The younger girl didn't respond, instead smirking to herself as she worked. Ailith stopped cleaning her armour and walked over to her.

"I brought you here to learn a little decorum. Your father is far too soft on you," she said softly to her. "You must learn to respect your elders, starting with myself and my children."

"Yes milady," Aifea replied. Ailith dumped a stack of neatly folded shirts in her arms.

"Take these along to Beleg," she said. Aifea stood and glided from the room.

They had been housed in the Eastern wing of the Golden Hall. It was much larger and grander than anything Aifea had ever seen before. As her father was Captain of the Wold Riders, her family occupied a few rooms in the Fortress itself but it wasn't much. She'd grown up sharing a bed with her older sister Folcra. Although she would be sharing a room with Sabirah here, the bed was much larger and softer than anything she had slept in before.

She paused and curtseyed when she saw her Queen walking towards her. Lothíriel regarded the young girl carefully.

"They call you Ailith as well, is that right?" she asked. The girl curtseyed again.

"Yes, your majesty. That is my name but I go by Aifea to avoid confusing with my lady," she explained.

Lothíriel's lips moved as she thought about this. "Ai from your name and fea meaning little?" she asked. Aifea nodded.

"I was born prematurely and I've always been on the small side," she said. Yes, Lothíriel could see that she was on the small side. She could also see that she was very pretty for her age. This one would be worth watching closely.
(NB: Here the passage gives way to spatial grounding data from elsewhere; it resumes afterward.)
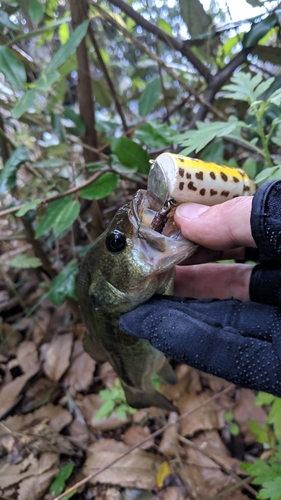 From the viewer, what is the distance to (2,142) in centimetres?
191

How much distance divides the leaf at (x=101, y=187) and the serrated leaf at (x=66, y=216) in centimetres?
6

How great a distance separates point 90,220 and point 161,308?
1.30 metres

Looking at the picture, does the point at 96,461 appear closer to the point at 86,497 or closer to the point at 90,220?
the point at 86,497

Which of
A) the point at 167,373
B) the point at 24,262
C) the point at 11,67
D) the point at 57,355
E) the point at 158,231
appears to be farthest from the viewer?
the point at 57,355

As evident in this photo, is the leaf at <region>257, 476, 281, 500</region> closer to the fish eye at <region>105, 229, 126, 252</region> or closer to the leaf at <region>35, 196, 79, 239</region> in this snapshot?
the fish eye at <region>105, 229, 126, 252</region>

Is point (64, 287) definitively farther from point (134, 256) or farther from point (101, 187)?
point (134, 256)

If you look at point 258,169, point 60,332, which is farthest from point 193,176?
point 60,332

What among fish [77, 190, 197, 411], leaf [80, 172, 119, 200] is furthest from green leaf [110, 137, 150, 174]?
fish [77, 190, 197, 411]

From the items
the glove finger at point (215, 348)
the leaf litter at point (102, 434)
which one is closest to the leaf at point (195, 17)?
the glove finger at point (215, 348)

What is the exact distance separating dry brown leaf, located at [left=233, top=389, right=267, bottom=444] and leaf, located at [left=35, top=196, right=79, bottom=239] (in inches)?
48.7

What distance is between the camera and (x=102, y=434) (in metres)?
1.85

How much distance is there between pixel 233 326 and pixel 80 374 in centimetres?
133

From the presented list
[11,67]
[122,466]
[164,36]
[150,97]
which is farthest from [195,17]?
[122,466]

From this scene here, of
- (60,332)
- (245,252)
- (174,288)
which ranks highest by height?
(245,252) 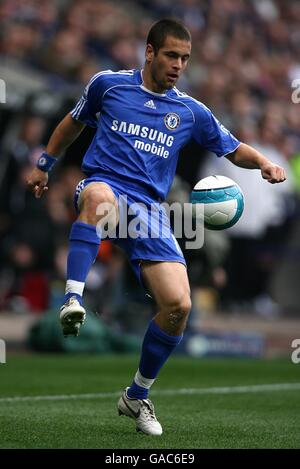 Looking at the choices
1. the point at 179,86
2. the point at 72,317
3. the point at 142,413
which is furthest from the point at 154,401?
the point at 179,86

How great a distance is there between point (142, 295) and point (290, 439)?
28.0ft

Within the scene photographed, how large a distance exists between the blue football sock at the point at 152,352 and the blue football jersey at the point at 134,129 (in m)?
0.84

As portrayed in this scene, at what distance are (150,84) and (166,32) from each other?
0.36 meters

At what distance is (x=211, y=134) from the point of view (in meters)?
6.95

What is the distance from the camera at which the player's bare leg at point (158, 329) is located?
6.26 m

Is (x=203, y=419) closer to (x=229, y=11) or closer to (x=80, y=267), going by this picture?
(x=80, y=267)

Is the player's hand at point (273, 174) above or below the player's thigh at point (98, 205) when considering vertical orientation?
above

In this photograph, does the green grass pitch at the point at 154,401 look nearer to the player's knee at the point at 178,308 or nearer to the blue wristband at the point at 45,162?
the player's knee at the point at 178,308

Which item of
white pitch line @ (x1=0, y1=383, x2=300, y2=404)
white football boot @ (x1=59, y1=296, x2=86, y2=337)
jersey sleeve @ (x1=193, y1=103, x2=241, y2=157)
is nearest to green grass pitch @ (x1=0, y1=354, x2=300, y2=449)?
white pitch line @ (x1=0, y1=383, x2=300, y2=404)

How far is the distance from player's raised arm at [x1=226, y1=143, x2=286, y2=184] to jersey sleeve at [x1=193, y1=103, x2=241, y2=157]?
2.2 inches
"I see you have chores to be getting on with; I won't keep you," she said. Aifea curtseyed for a third time, this time a bit awkwardly, and hurried off. Lothíriel watched her go, slightly amused. The girl had clearly been a little uncomfortable in her presence and the Queen was hardly an intimidating figure. She chuckled slightly as she imagined Aifea coming under the beady scrutiny of Lothíriel's Aunt Irviniel. Then the girl would squirm.

She hesitated before she knocked on Ailith's door. It was probably polite to announce her presence instead of barging straight in. The door opened to reveal the Haradic girl. Her eyes widened and she too bobbed a curtsey before saying a few words of her harsh mother-tongue over one shoulder.

"Common Tongue or Rohirric when we have company, Sabirah," Ailith's voice said from inside the room. "Let the Queen enter and then you are excused."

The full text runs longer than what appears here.